DATA RECORDS:

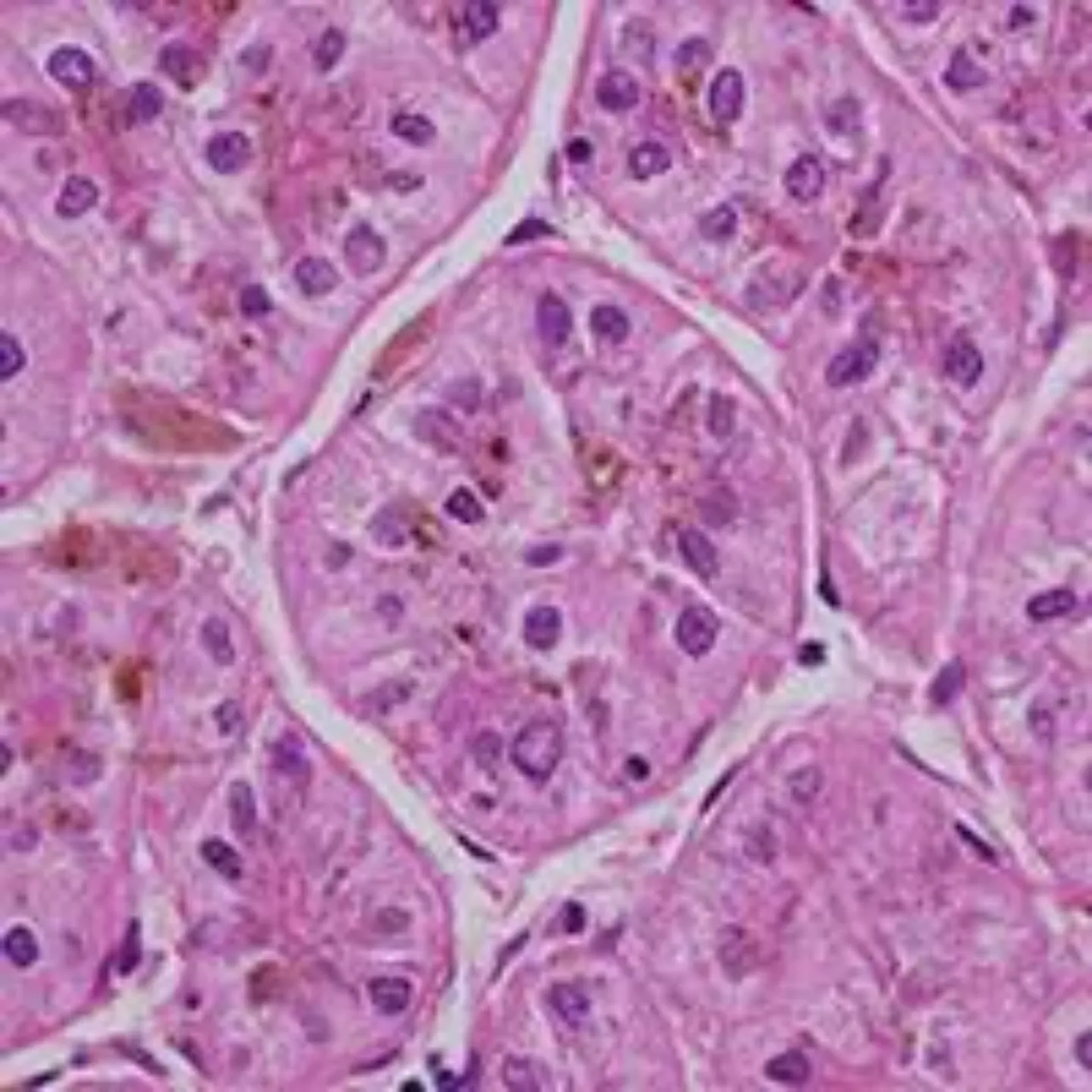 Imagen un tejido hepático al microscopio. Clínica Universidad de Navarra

* * *

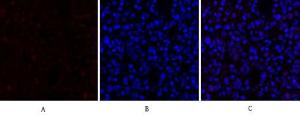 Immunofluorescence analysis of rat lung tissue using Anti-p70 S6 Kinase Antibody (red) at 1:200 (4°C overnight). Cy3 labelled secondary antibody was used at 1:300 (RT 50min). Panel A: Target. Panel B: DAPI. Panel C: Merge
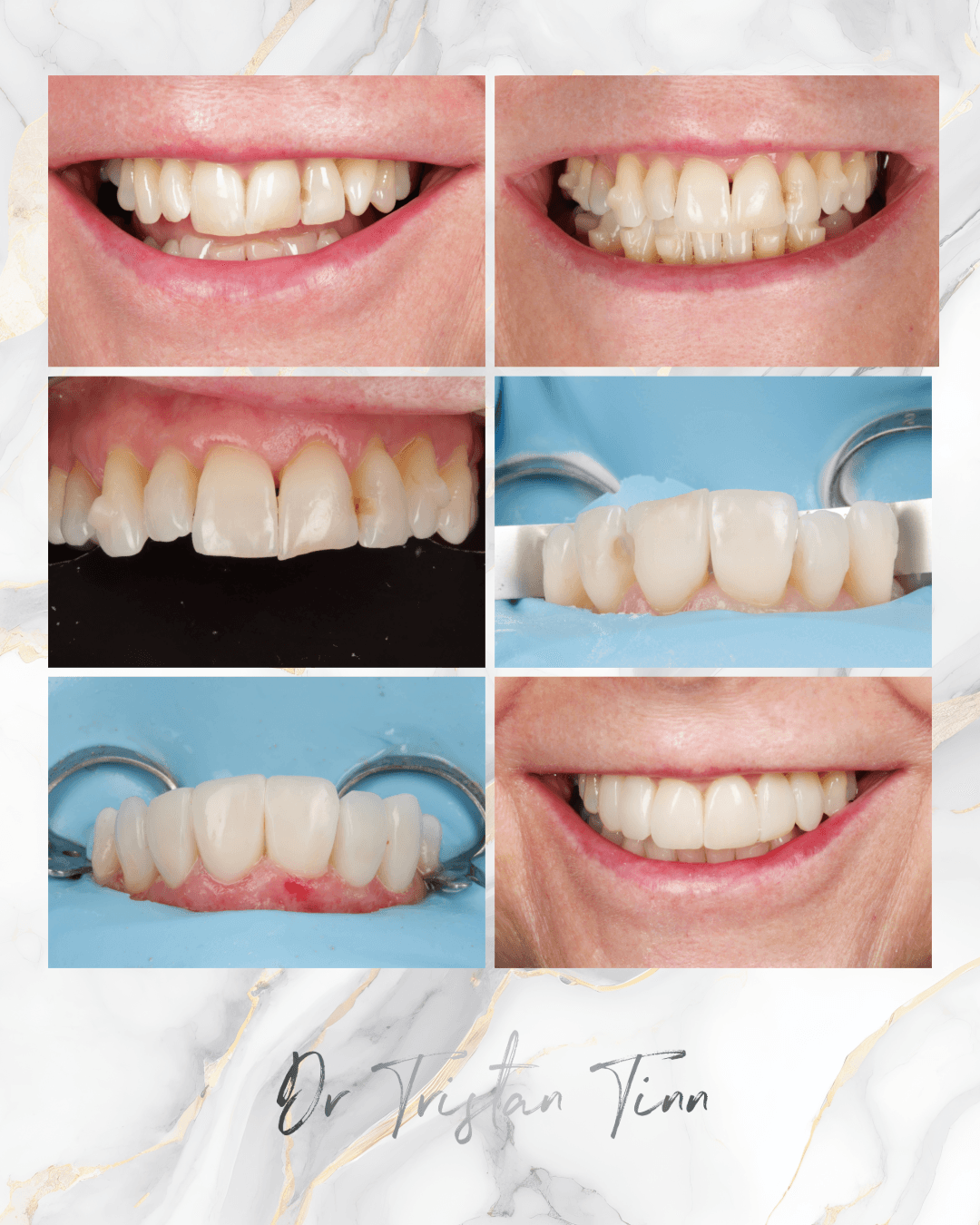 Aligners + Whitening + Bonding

PROBLEM TO WORK ON: Only one part of the listing is wanted: the lines from the one containing "Immunofluorescence analysis of" through the one containing "Aligners + Whitening + Bonding", both included. Please transcribe it exactly, leaving out the pictures.

EXERCISE SOLUTION:
 Immunofluorescence analysis of rat lung tissue using Anti-p70 S6 Kinase Antibody (red) at 1:200 (4°C overnight). Cy3 labelled secondary antibody was used at 1:300 (RT 50min). Panel A: Target. Panel B: DAPI. Panel C: Merge
 Aligners + Whitening + Bonding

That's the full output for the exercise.